Department of Breast Surgery, Key Laboratory of Breast Cancer Diagnosis and Treatment Research of Guangxi Department of Education, Guangxi Medical University Cancer Hospital, Nanning, 530000, China.
Key Laboratory of Breast Cancer Diagnosis and Treatment Research of Guangxi Department of Education, Guangxi Medical University Cancer Hospital, Nanning, 530000, P.R. China.
BMC Cancer. 2023 Jun 23;23(1):583. doi: 10.1186/s12885-023-11012-z.

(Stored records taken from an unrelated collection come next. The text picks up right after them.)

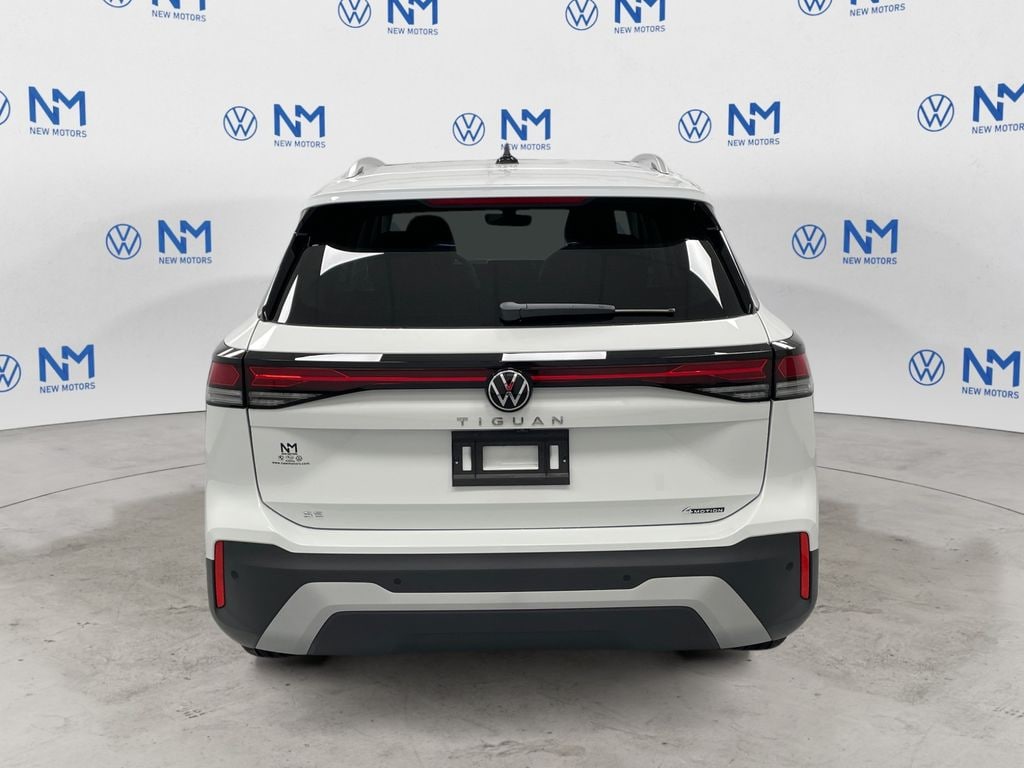New 2025 Volkswagen Tiguan 2.0T SE SUV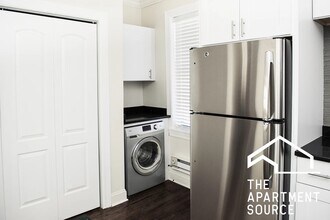 3841 N Greenview Ave, Unit 3W in Chicago, IL - Foto de edificio - Building Photo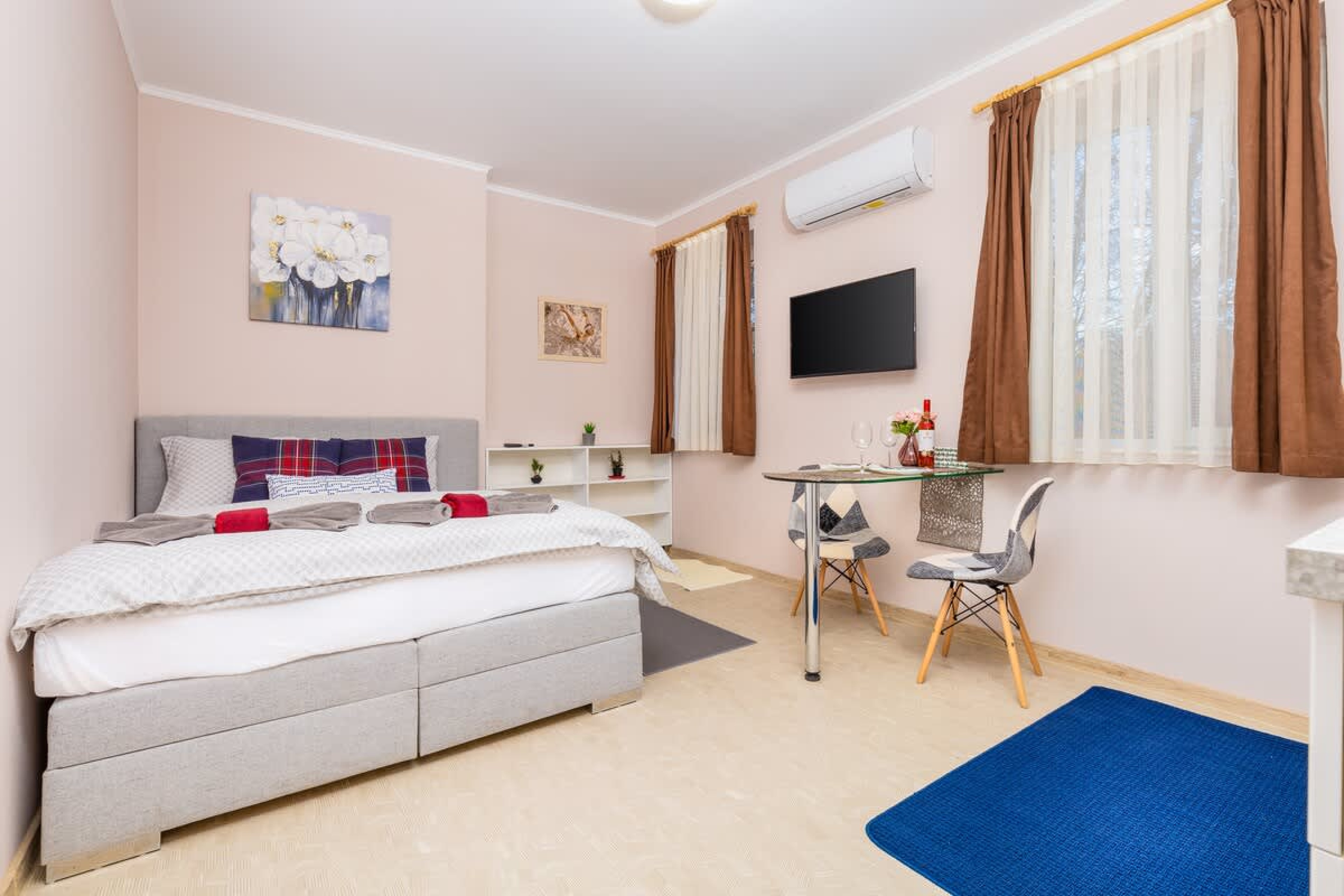 Scoutaround White Logo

Breast cancer is a malignant tumour that seriously threatens women's life and health and exhibits high inter-individual heterogeneity, emphasising the need for more in-depth research on its pathogenesis. While internal 7-methylguanosine (m7G) modifications affect RNA processing and function and are believed to be involved in human diseases, little is currently known about the role of m7G modification in breast cancer.

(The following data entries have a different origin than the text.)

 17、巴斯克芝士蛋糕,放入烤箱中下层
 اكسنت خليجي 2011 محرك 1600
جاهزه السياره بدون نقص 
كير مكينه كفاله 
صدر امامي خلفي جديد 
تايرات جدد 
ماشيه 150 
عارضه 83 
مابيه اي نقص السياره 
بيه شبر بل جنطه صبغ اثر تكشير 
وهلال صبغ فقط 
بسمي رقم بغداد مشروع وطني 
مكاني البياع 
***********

We elucidated the expression, copy number variation incidence and prognostic value of 24 m7G-related genes (m7GRGs) in breast cancer. Subsequently, based on the expression of these 24 m7GRGs, consensus clustering was used to divide tumour samples from the TCGA-BRCA dataset into four subtypes based on significant differences in their immune cell infiltration and stromal scores. Differentially expressed genes between subtypes were mainly enriched in immune-related pathways such as 'Ribosome', 'TNF signalling pathway' and 'Salmonella infection'. Support vector machines and multivariate Cox regression analysis were applied based on these 24 m7GRGs, and four m7GRGs-AGO2, EIF4E3, DPCS and EIF4E-were identified for constructing the prediction model. An ROC curve indicated that a nomogram model based on the risk model and clinical factors had strong ability to predict the prognosis of breast cancer. The prognoses of patients in the high- and low-TMB groups were significantly different (p = 0.03). Moreover, the four-gene signature was able to predict the response to chemotherapy.
In conclusion, we identified four different subtypes of breast cancer with significant differences in the immune microenvironment and pathways. We elucidated prognostic biomarkers associated with breast cancer and constructed a prognostic model involving four m7GRGs. In addition, we predicted the candidate drugs related to breast cancer based on the prognosis model.
乳腺癌是一种严重威胁女性生命健康的恶性肿瘤,表现出高度的个体间异质性,强调需要更深入地研究其发病机制。虽然内部 7-甲基鸟苷(m7G)修饰影响 RNA 处理和功能,并且被认为与人类疾病有关,但目前对于 m7G 修饰在乳腺癌中的作用知之甚少。
我们阐明了 24 个 m7G 相关基因(m7GRGs)在乳腺癌中的表达、拷贝数变异发生率和预后价值。随后,基于这 24 个 m7GRGs 的表达,基于免疫细胞浸润和基质评分的显著差异,使用共识聚类将 TCGA-BRCA 数据集的肿瘤样本分为四个亚型。亚型之间差异表达的基因主要富集在免疫相关途径,如“核糖体”、“TNF 信号通路”和“沙门氏菌感染”。基于这些 24 个 m7GRGs 应用支持向量机和多变量 Cox 回归分析,鉴定出四个 m7GRGs-AGO2、EIF4E3、DPCS 和 EIF4E 用于构建预测模型。ROC 曲线表明,基于风险模型和临床因素的列线图模型具有预测乳腺癌预后的强大能力。高和低 TMB 组患者的预后差异显著(p=0.03)。此外,四基因特征能够预测化疗反应。
总之,我们确定了四种不同的乳腺癌亚型,它们在免疫微环境和途径方面存在显著差异。我们阐明了与乳腺癌相关的预后生物标志物,并构建了涉及四个 m7GRGs 的预后模型。此外,我们还基于预后模型预测了与乳腺癌相关的候选药物。